— Work to be completed —
Below is a listing from which only part is wanted; return exactly the lines from the one with "Audi A6 50 TDI Quattro Sport 5dr Tip Auto" up to and including the one with "Welcome Hotel Bad Arolsen - Chambres".

— Dataset records —
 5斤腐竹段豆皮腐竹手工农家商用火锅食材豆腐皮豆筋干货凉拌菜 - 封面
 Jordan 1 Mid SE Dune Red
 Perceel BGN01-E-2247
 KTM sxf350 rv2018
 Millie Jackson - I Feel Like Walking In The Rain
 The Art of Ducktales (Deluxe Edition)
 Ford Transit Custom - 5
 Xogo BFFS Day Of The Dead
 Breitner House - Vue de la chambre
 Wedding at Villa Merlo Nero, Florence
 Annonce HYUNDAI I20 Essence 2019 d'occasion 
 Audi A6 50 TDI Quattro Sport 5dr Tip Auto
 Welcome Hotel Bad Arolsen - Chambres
==
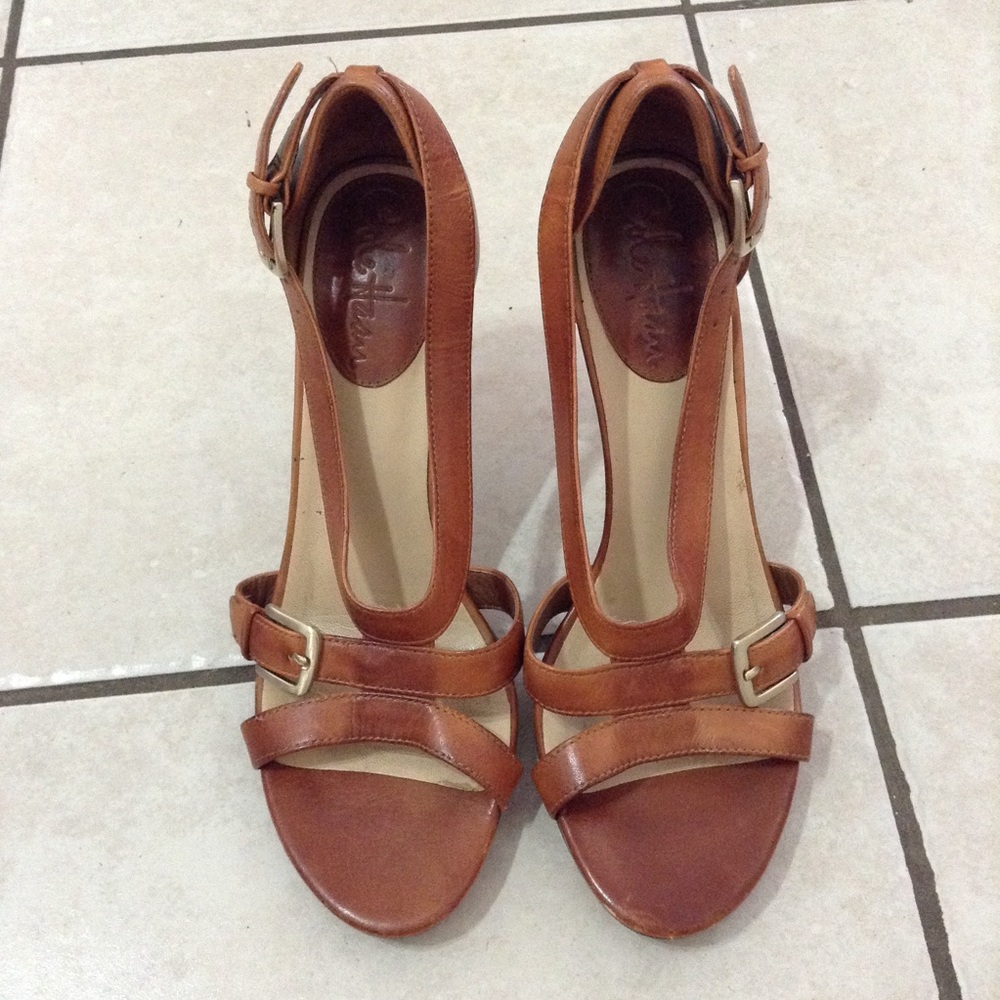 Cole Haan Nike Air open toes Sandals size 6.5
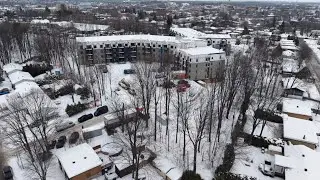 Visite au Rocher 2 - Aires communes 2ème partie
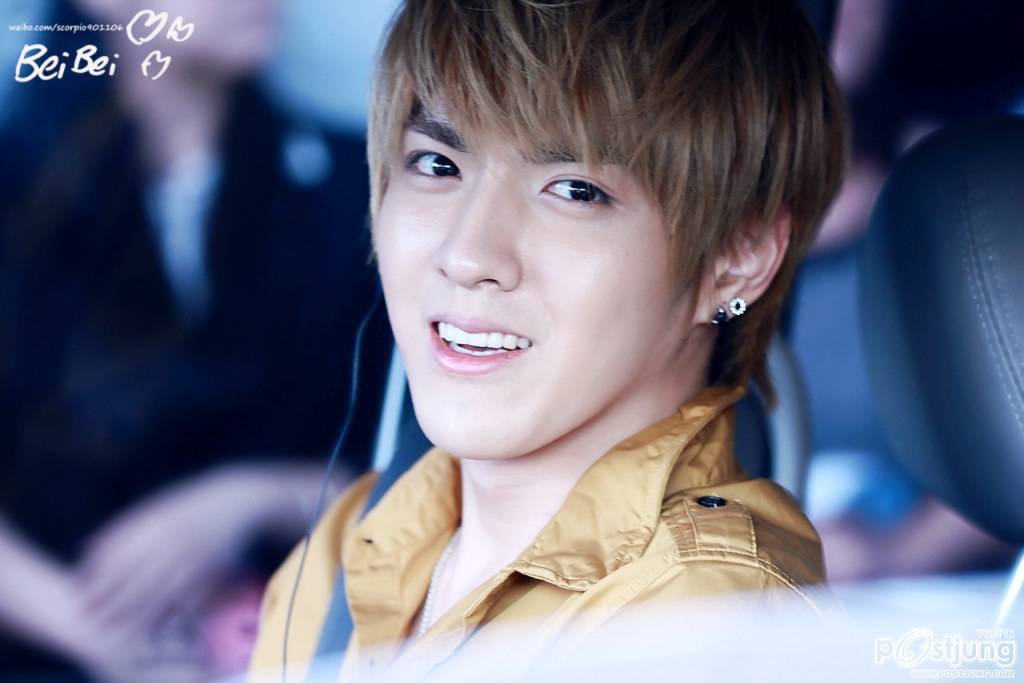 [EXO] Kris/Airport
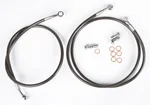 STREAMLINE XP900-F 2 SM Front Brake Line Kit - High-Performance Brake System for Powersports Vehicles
...
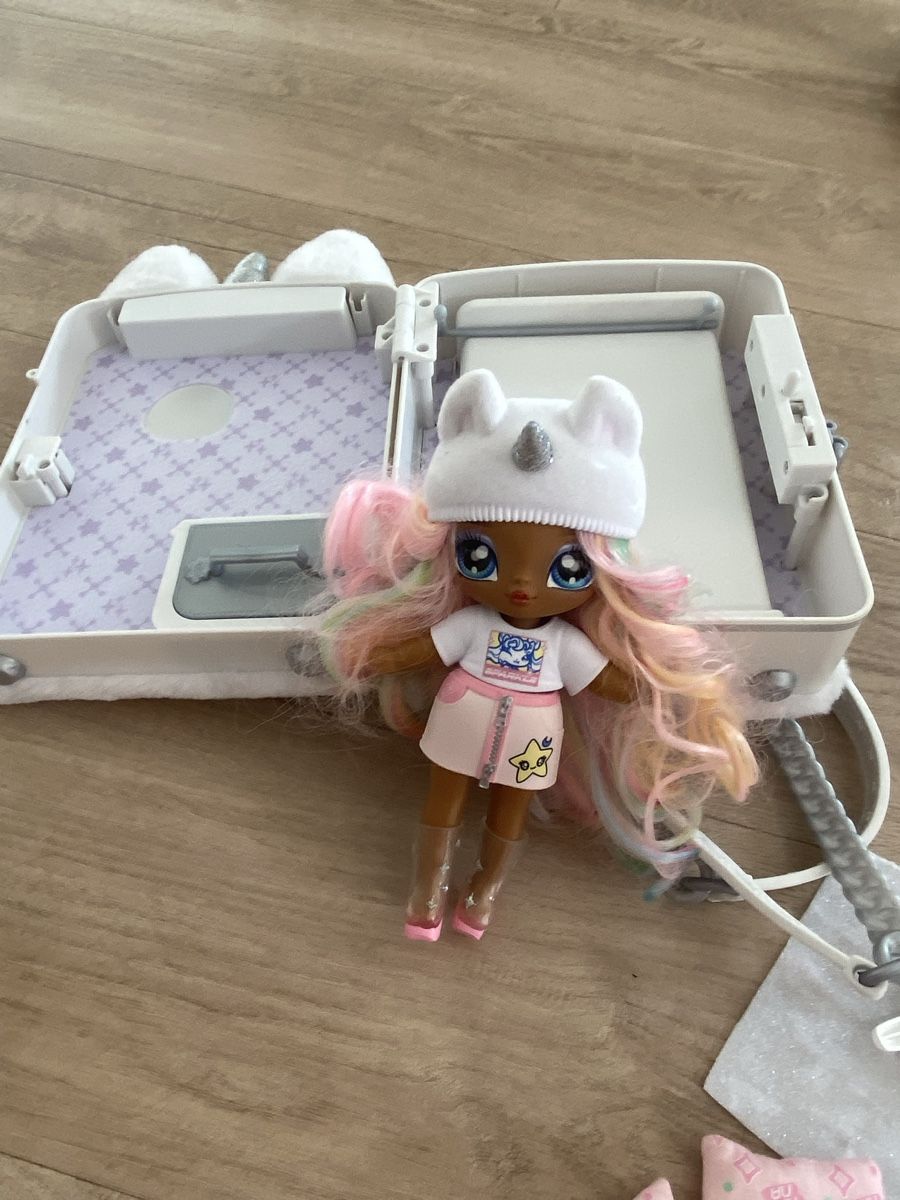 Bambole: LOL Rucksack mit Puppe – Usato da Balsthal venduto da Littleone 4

— Solution for this problem —
 Audi A6 50 TDI Quattro Sport 5dr Tip Auto
 Welcome Hotel Bad Arolsen - Chambres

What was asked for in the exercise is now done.